Hello, Readers and Subscribers:
From time to time, a handful of “must see” charts pile up here at House Haymaker (we analyze a lot of them), necessitating a chartbook edition — this is one of those times. Today’s high-finance smorgasbord starts off with some AI data, courtesy of the Rosenberg Research team, and wraps up with a look at cash on the sidelines relative to market capitalization, per the astute analysts of BCA Research. Everything in between is also worth a gander (whatever a gander is).
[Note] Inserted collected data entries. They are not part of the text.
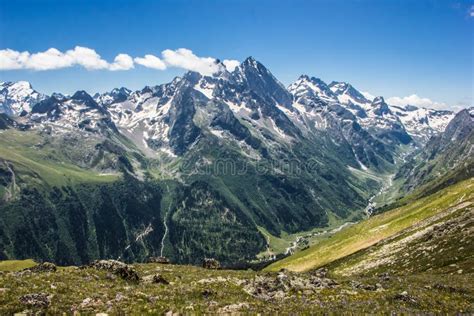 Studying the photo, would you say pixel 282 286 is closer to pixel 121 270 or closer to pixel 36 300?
pixel 121 270

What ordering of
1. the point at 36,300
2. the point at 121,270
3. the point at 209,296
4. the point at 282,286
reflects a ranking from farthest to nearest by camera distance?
the point at 121,270, the point at 282,286, the point at 209,296, the point at 36,300

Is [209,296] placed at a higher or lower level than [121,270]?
lower

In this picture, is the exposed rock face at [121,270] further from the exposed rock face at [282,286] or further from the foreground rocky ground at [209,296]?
the exposed rock face at [282,286]

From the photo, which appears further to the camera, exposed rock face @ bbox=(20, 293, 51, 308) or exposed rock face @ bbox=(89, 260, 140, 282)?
exposed rock face @ bbox=(89, 260, 140, 282)

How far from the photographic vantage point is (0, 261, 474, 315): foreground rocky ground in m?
26.2

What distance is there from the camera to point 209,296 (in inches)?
1309

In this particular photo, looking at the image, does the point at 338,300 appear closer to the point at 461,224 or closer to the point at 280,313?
the point at 280,313

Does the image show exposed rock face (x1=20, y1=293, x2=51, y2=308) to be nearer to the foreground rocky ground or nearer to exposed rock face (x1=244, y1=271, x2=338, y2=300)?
the foreground rocky ground

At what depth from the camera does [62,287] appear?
1248 inches

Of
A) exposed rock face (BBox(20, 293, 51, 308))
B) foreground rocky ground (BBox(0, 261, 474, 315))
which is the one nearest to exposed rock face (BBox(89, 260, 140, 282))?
foreground rocky ground (BBox(0, 261, 474, 315))

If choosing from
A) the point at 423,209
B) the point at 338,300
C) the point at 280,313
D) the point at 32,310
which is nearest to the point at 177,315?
the point at 280,313

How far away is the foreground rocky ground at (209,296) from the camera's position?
26250 mm

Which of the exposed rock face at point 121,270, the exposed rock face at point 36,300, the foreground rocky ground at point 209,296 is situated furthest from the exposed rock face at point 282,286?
the exposed rock face at point 36,300

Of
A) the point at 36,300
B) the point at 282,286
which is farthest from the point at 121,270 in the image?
the point at 282,286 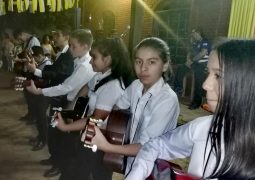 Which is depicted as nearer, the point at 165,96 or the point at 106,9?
the point at 165,96

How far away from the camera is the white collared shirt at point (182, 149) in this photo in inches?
55.9

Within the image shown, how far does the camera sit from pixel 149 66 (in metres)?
2.21

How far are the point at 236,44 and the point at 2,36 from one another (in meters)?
15.8

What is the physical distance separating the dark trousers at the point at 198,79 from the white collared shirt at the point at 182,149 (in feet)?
21.0

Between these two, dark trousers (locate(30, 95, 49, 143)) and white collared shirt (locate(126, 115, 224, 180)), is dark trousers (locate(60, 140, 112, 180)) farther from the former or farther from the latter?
dark trousers (locate(30, 95, 49, 143))

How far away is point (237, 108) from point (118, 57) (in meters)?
1.78

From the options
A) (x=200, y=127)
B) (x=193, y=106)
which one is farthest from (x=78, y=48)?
(x=193, y=106)

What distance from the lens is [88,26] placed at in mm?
14180

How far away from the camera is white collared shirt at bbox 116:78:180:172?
2.02 metres

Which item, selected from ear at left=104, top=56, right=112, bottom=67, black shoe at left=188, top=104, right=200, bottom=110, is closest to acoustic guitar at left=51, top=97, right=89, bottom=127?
ear at left=104, top=56, right=112, bottom=67

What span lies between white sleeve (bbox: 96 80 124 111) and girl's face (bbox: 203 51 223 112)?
1.42 meters

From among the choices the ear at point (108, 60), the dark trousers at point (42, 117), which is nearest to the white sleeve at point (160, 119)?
the ear at point (108, 60)

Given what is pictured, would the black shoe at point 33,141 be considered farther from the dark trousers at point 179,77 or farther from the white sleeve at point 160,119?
the dark trousers at point 179,77

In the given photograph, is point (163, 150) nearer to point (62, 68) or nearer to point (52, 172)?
point (52, 172) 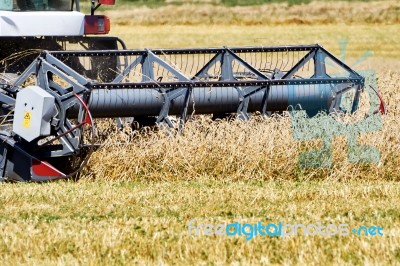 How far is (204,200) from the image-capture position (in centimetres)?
612

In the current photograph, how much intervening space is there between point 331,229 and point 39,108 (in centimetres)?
261

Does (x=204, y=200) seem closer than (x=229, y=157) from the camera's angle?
Yes

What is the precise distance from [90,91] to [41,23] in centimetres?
236

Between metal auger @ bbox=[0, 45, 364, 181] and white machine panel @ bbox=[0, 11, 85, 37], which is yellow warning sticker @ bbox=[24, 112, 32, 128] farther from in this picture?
white machine panel @ bbox=[0, 11, 85, 37]

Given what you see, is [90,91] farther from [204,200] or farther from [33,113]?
[204,200]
We hope you enjoy the charts and, especially, your weekend. As mentioned earlier this week, we’ll be taking a close look at natural gas in the upcoming Making Hay Monday edition. It’s possible the bottom is in for energy after the recent nasty sell-off. And as much as we like oil at these depressed prices, we believe the long-term outlook for gas is even brighter!
The Haymaker Team
P.S. We encourage you all to read this linked piece from Haymaker friend Michael Lewitt, The Credit Strategist. It deals with one of the pressing matters of our day: the deterioration of institutional trust, in this case furthered by serious rule violations on part of several Federal Reserve officials.
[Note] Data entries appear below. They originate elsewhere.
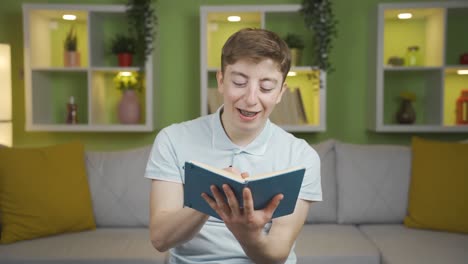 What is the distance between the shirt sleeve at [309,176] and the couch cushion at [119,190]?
139cm

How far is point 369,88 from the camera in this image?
3.35 meters

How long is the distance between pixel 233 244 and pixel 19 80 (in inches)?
103

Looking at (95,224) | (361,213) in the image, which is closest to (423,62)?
(361,213)

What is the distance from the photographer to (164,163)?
140 centimetres

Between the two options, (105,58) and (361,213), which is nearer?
(361,213)

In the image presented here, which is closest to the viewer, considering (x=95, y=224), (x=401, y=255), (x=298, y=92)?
(x=401, y=255)

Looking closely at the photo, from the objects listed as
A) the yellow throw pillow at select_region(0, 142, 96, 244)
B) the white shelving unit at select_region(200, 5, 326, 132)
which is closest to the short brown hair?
the yellow throw pillow at select_region(0, 142, 96, 244)

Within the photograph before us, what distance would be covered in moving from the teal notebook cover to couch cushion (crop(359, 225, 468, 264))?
1256mm

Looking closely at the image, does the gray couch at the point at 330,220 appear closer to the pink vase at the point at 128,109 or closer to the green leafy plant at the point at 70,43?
the pink vase at the point at 128,109

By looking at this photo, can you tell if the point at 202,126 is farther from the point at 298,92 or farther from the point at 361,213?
the point at 298,92

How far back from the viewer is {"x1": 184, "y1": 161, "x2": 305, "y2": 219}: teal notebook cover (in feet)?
3.32

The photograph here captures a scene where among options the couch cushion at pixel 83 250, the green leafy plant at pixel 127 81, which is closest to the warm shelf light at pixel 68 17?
the green leafy plant at pixel 127 81

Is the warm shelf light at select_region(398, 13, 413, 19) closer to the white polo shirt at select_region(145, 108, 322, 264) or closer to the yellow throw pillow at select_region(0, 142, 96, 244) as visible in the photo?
the white polo shirt at select_region(145, 108, 322, 264)

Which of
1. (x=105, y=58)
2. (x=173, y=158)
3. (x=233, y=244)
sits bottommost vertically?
(x=233, y=244) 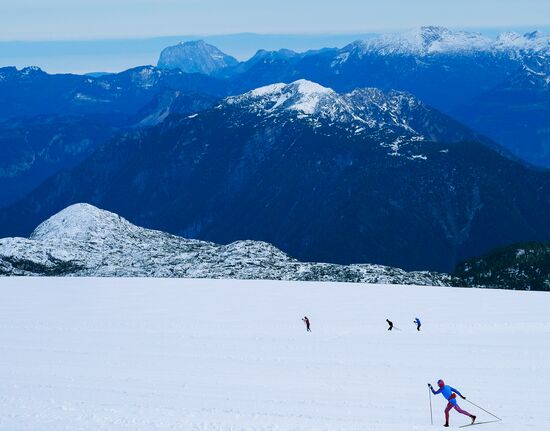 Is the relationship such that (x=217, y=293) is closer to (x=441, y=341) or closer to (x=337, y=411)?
(x=441, y=341)

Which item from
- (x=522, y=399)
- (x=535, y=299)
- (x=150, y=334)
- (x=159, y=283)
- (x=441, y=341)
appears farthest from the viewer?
(x=159, y=283)

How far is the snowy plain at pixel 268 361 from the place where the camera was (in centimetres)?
3703

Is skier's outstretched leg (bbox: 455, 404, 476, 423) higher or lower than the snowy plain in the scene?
higher

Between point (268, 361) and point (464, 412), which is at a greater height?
point (464, 412)

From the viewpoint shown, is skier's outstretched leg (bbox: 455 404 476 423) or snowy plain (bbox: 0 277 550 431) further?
snowy plain (bbox: 0 277 550 431)

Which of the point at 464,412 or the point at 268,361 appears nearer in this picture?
the point at 464,412

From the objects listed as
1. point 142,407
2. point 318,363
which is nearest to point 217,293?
point 318,363

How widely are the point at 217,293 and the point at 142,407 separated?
59.3 metres

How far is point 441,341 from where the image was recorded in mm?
59219

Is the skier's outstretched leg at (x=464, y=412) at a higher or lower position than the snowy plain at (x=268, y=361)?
higher

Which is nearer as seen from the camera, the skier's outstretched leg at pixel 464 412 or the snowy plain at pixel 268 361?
the skier's outstretched leg at pixel 464 412

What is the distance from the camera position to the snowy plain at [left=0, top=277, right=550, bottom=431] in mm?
37031

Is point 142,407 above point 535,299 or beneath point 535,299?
above

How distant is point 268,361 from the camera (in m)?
52.0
“Russia is the leader in reserves of a number of strategic raw materials: for natural gas, this is almost 22% of world reserves, for gold - almost 23%, for diamonds - almost 55% … Maybe we should think about certain restrictions: uranium, titanium, nickel.” -Russian President, Vladimir Putin
Haymaker Chartbook
Oil demand is likely to increase at a slow but steady rate over the balance of this decade, led by emerging market usage. The biggest upside may come from supply shortfalls, despite current concerns about a crude glut. For natural gas, the consumption outlook is much more bullish driven by rapidly growing U.S. data-center power needs. There is also the surging demand globally for American liquefied natural gas (LNG). This increase could amount to over 11 billion cubic feet/day, about 10% of total current U.S. production, and roughly a doubling of current LNG exports. It does beg the question of where all the gas will come from to supply those shipments. As with oil, natural gas production growth in the U.S. appears to be stalling out.
It is becoming increasingly obvious that EV growth is decelerating and, in some countries, such as Germany, actually contracting. Yet, there is a pervasive view that oil is destined to be phased out. Even prior to the mounting EV travails, forecasts were for gasoline-powered vehicles to be much more numerous in 2040 than they are today. Naturally, there is a big difference between predictions and reality, but the move away from EVs toward hybrids elevates the credibility of the below. (Copious thanks to the talented and data-driven team at Cornerstone Macro for the below visual.)
While U.S. nuclear plant construction is now dormant in the wake of the opening of the two Vogtle atomic facilities (approved 15 years ago), Asia is aggressively embracing nuclear energy.